- [PROBLEM STATEMENT]: Starting at the first line of the records below, reproduce every line up to and including the line with "Apartamento para alugar", but leave out all pictures.

________________________

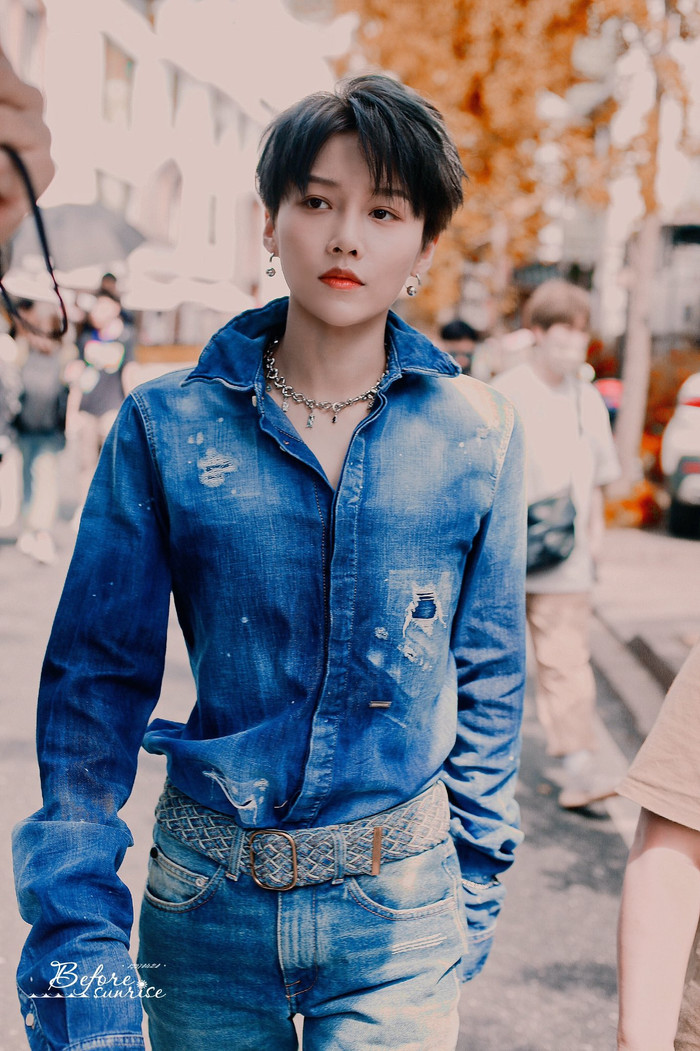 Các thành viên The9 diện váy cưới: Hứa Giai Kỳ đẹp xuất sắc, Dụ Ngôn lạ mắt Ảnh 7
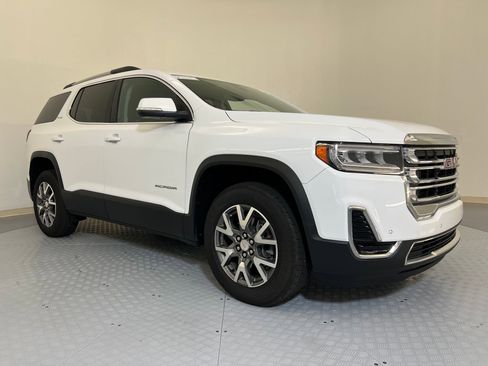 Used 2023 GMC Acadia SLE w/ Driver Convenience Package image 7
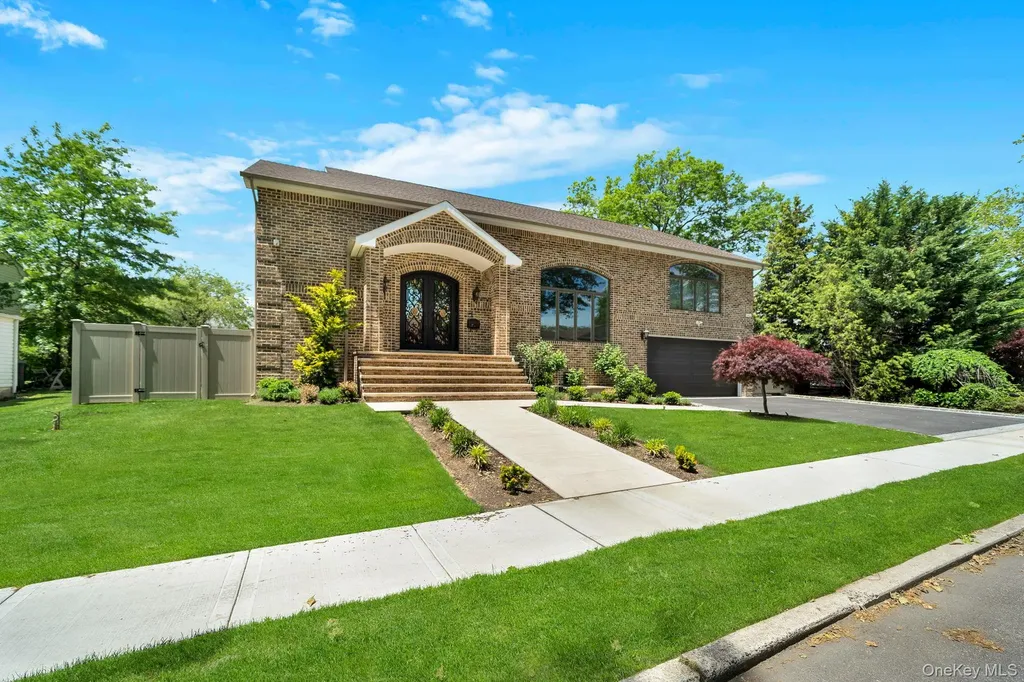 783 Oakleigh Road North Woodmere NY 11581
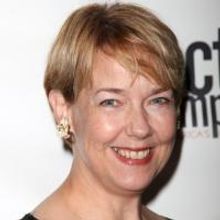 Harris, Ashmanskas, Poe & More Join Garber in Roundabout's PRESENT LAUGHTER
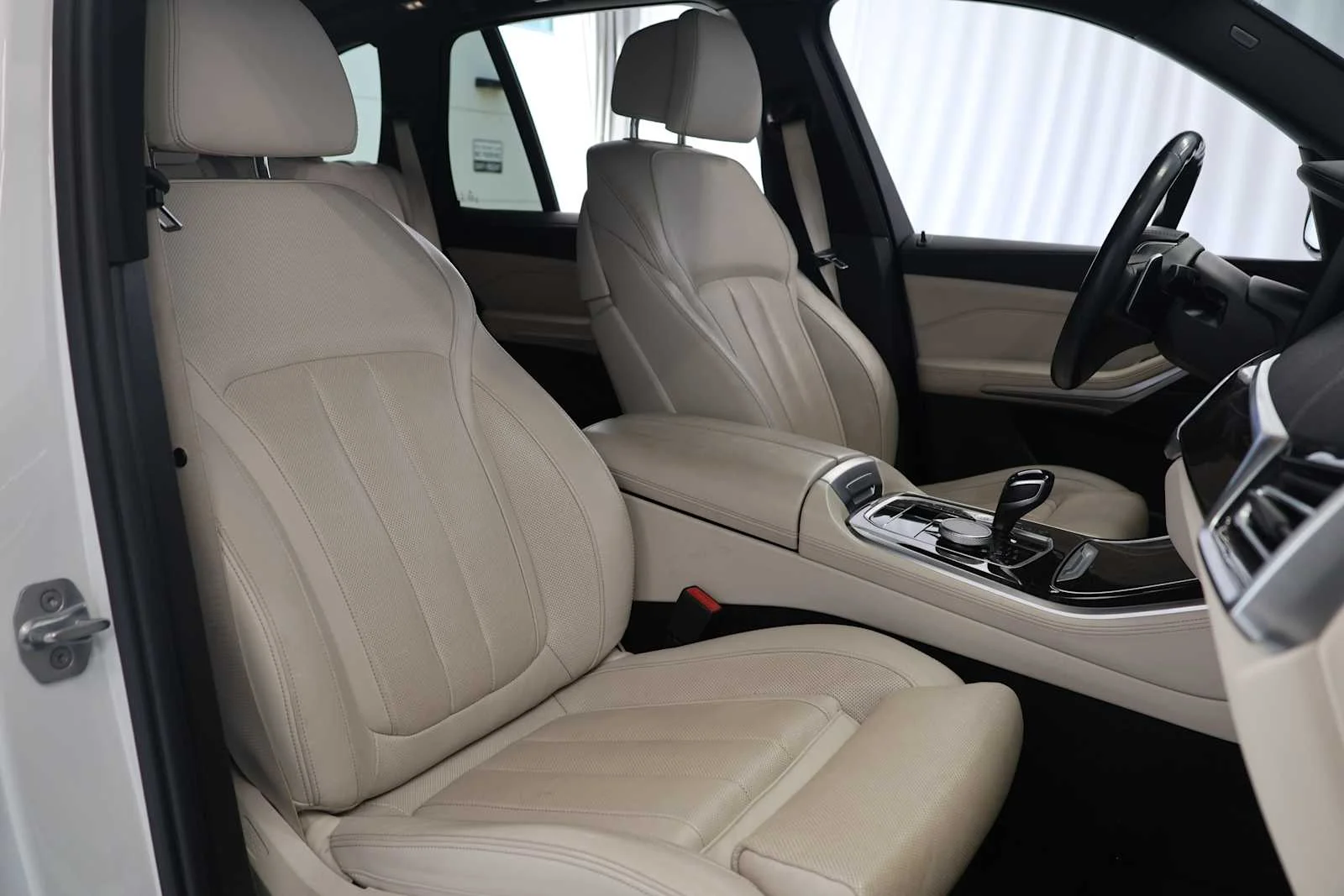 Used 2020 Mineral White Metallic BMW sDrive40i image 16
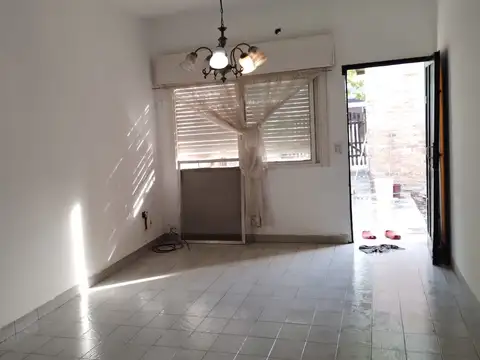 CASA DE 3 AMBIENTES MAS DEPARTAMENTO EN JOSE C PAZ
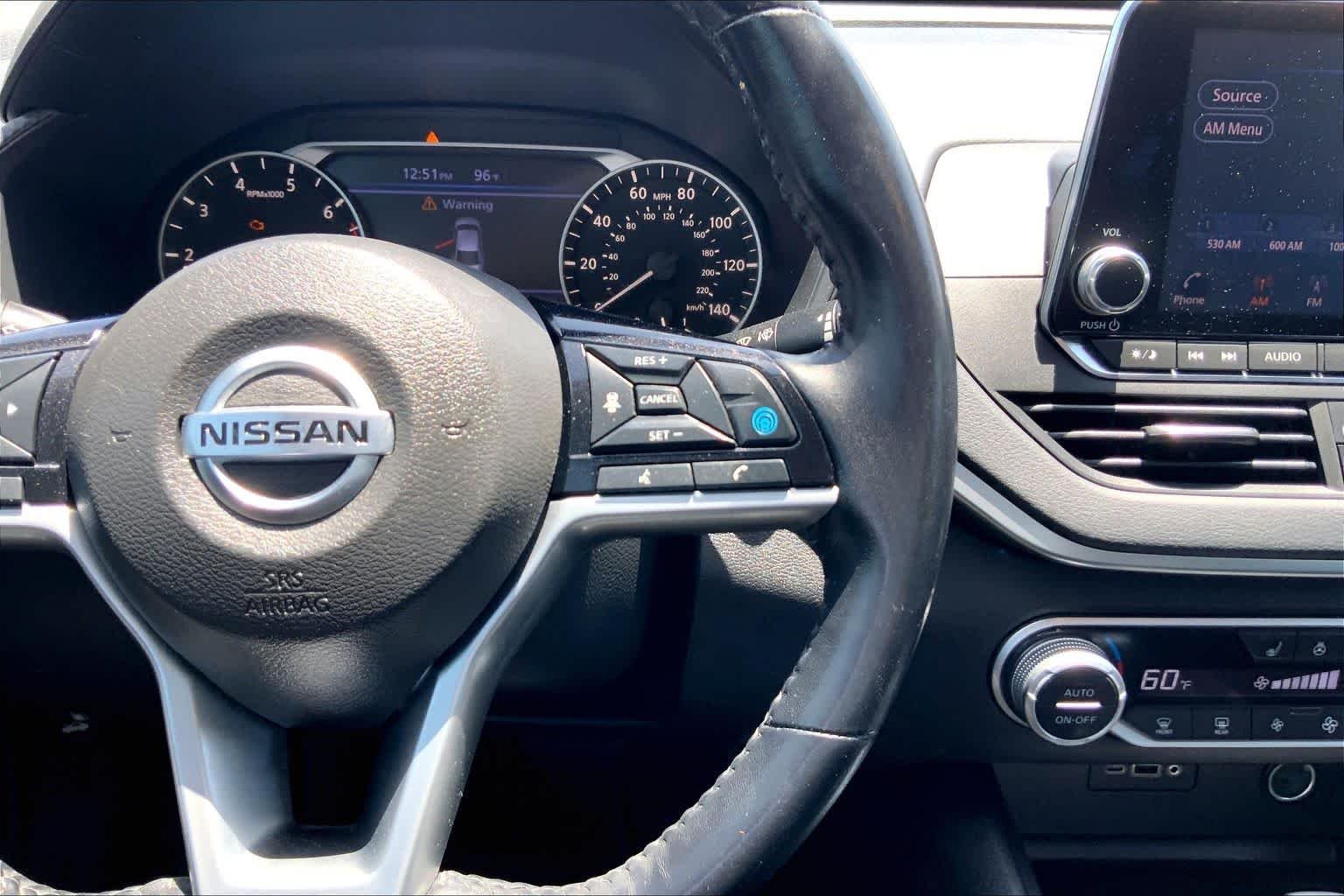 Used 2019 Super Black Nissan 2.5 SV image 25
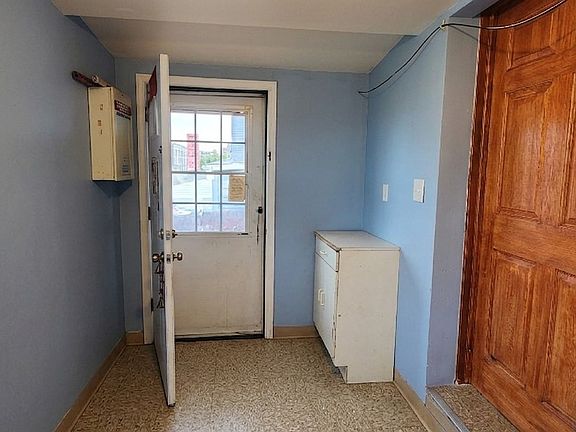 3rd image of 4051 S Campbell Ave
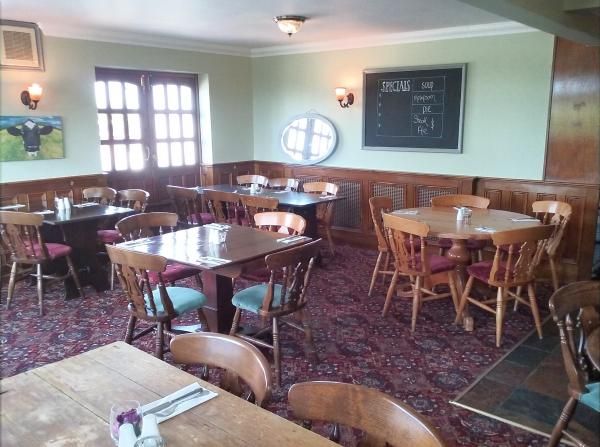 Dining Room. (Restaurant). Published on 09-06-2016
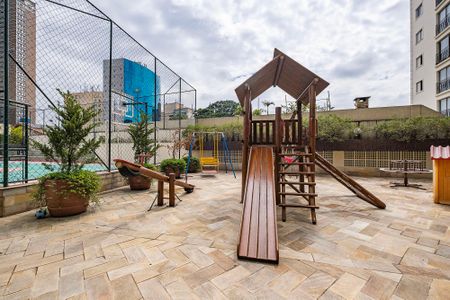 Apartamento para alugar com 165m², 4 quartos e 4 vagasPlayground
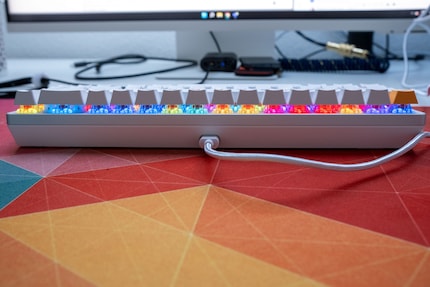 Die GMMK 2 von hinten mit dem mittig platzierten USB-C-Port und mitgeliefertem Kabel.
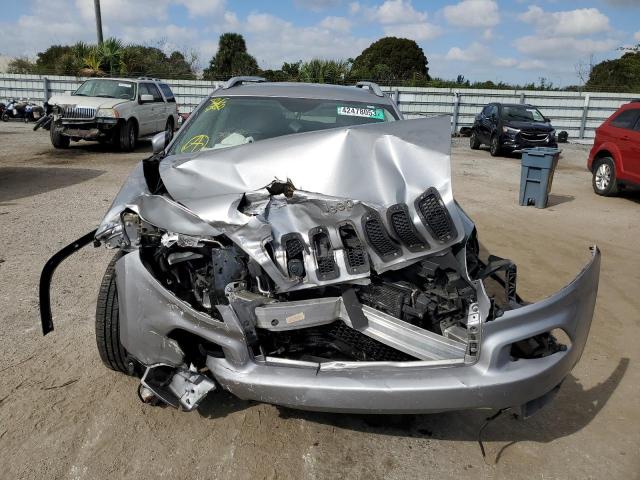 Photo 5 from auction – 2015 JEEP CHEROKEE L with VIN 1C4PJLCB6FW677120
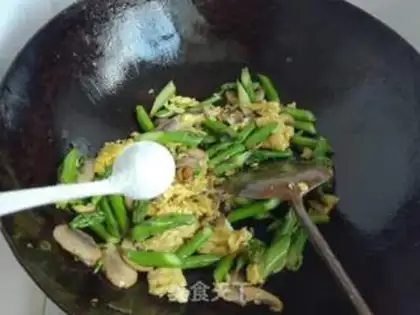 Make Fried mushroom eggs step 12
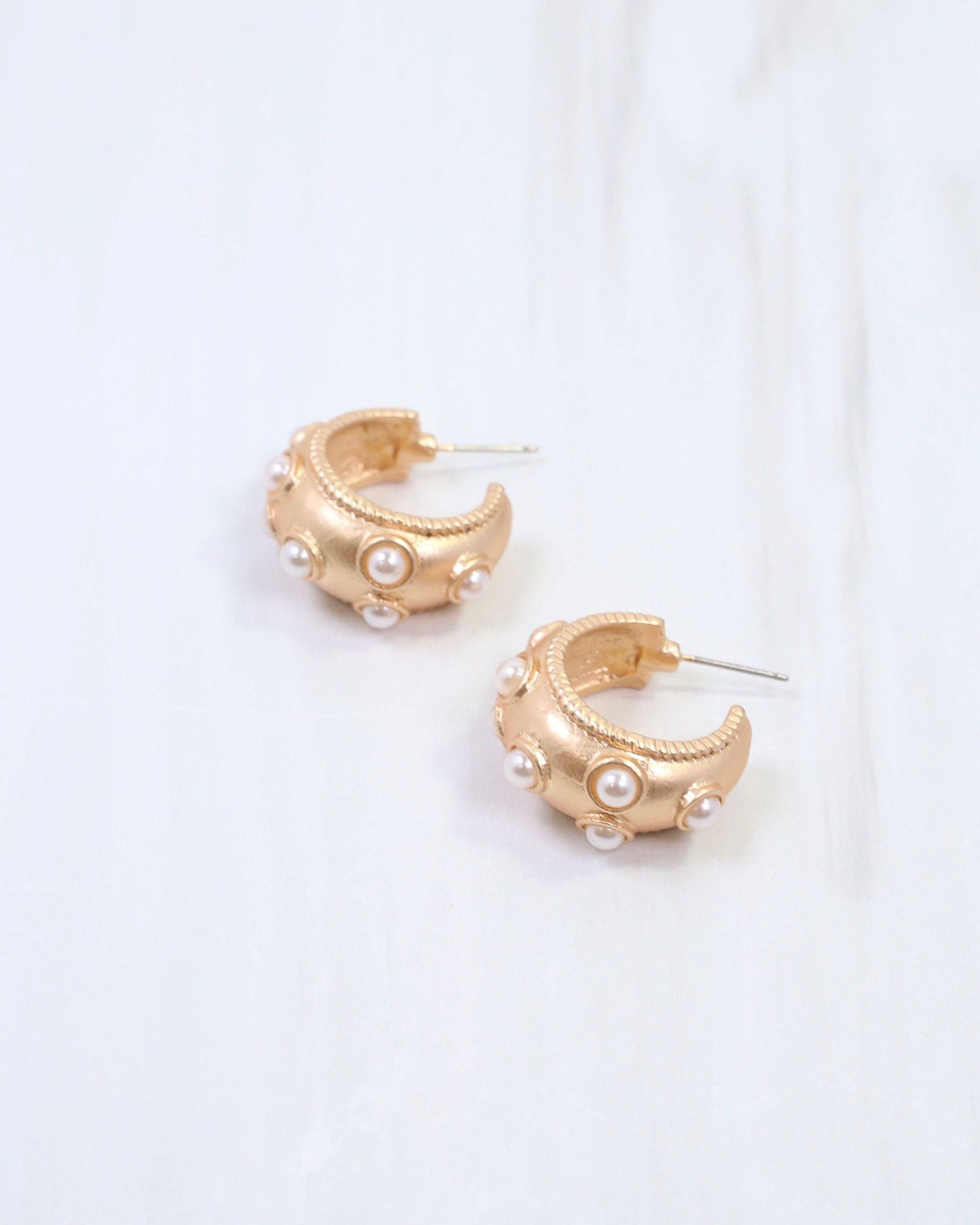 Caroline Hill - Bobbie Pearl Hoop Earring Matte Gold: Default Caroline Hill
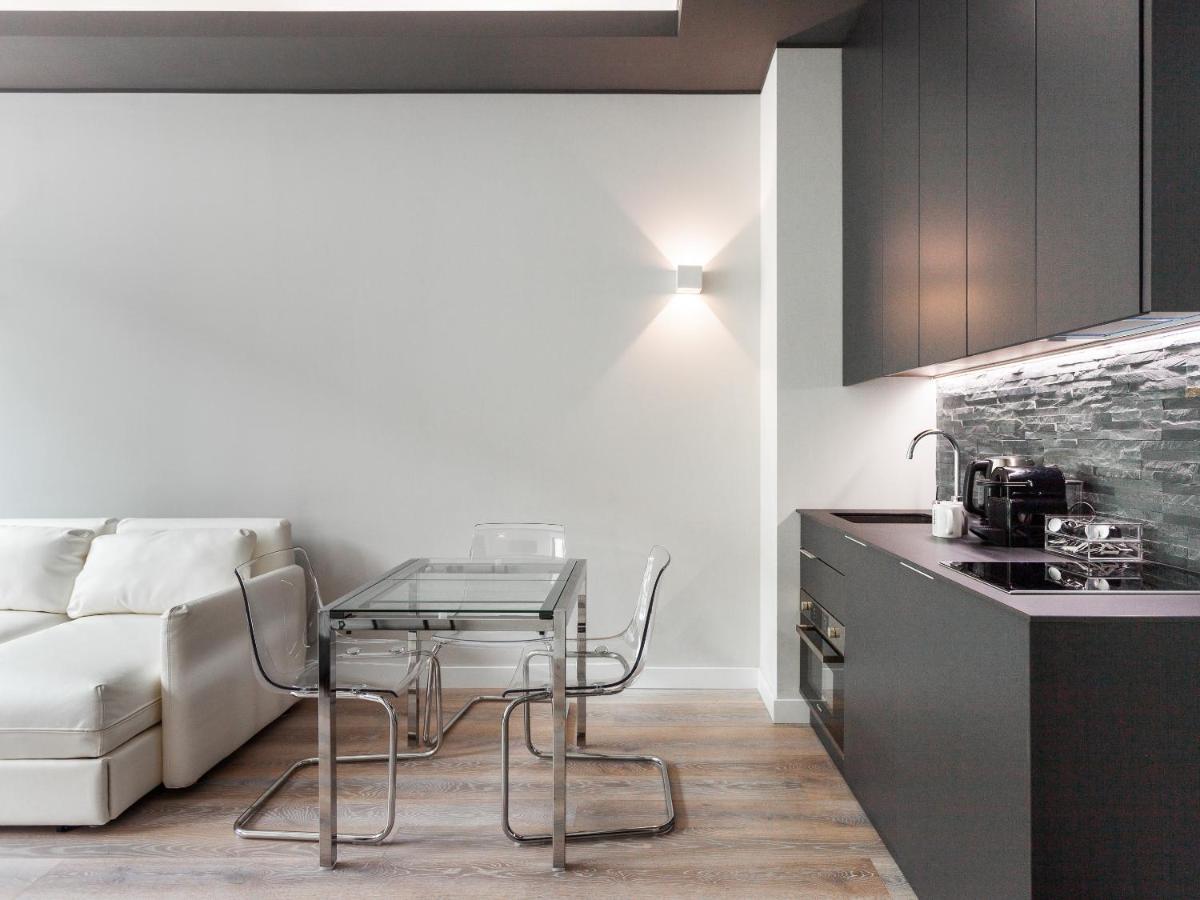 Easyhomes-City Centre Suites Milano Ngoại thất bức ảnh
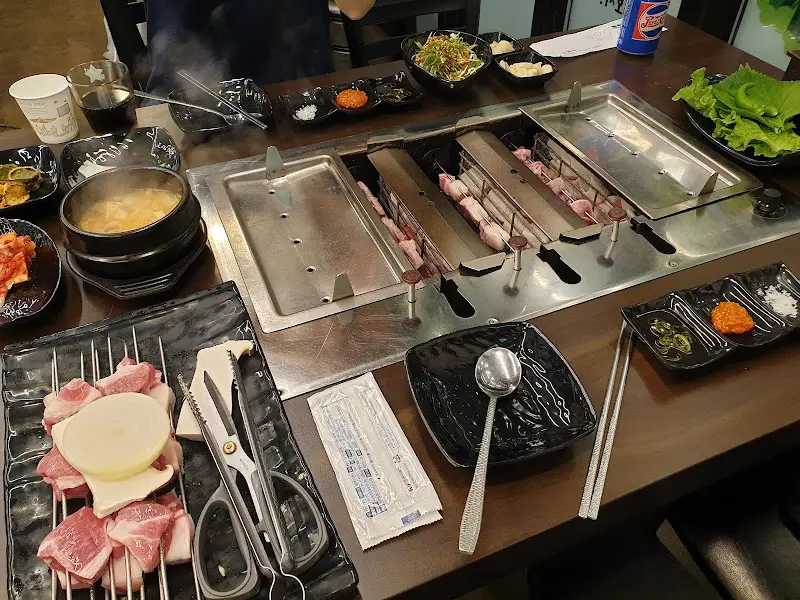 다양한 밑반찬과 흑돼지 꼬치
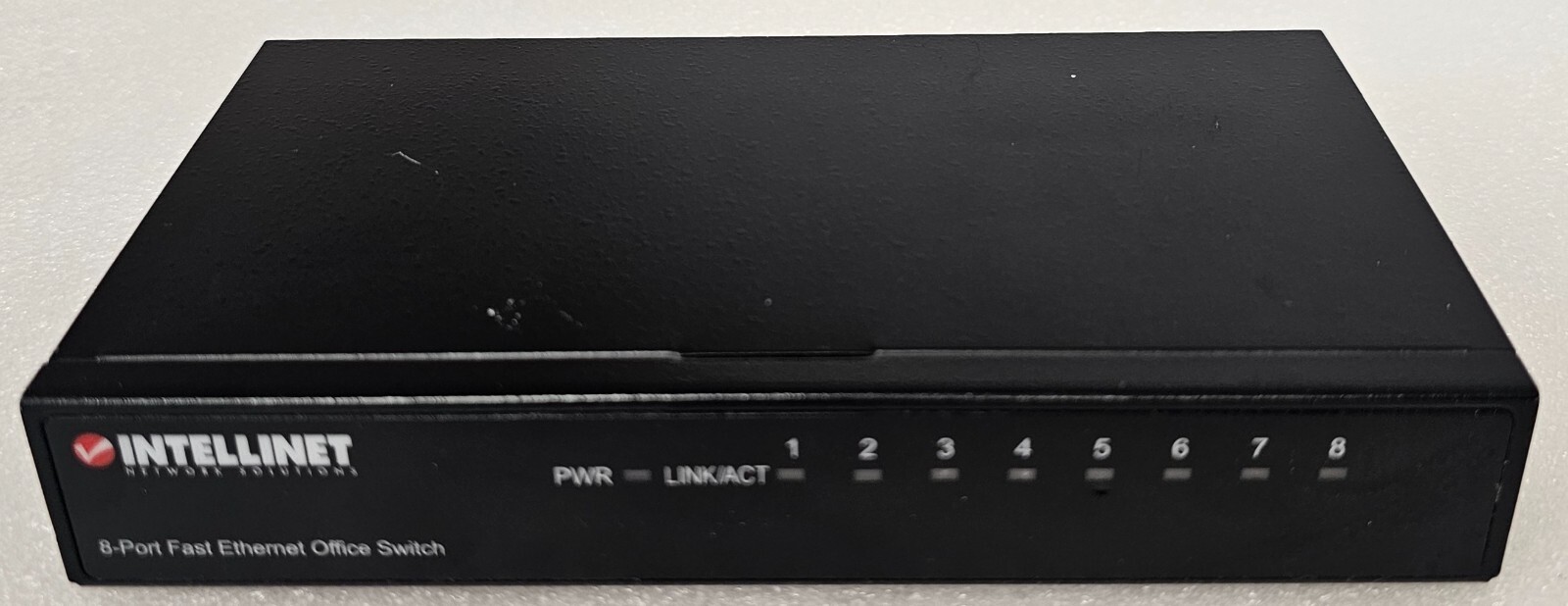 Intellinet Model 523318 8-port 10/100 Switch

________________________

- [SOLUTION BELOW]:
 Các thành viên The9 diện váy cưới: Hứa Giai Kỳ đẹp xuất sắc, Dụ Ngôn lạ mắt Ảnh 7
 Used 2023 GMC Acadia SLE w/ Driver Convenience Package image 7
 783 Oakleigh Road North Woodmere NY 11581
 Harris, Ashmanskas, Poe & More Join Garber in Roundabout's PRESENT LAUGHTER
 Used 2020 Mineral White Metallic BMW sDrive40i image 16
 CASA DE 3 AMBIENTES MAS DEPARTAMENTO EN JOSE C PAZ
 Used 2019 Super Black Nissan 2.5 SV image 25
 3rd image of 4051 S Campbell Ave
 Dining Room. (Restaurant). Published on 09-06-2016
 Apartamento para alugar com 165m², 4 quartos e 4 vagasPlayground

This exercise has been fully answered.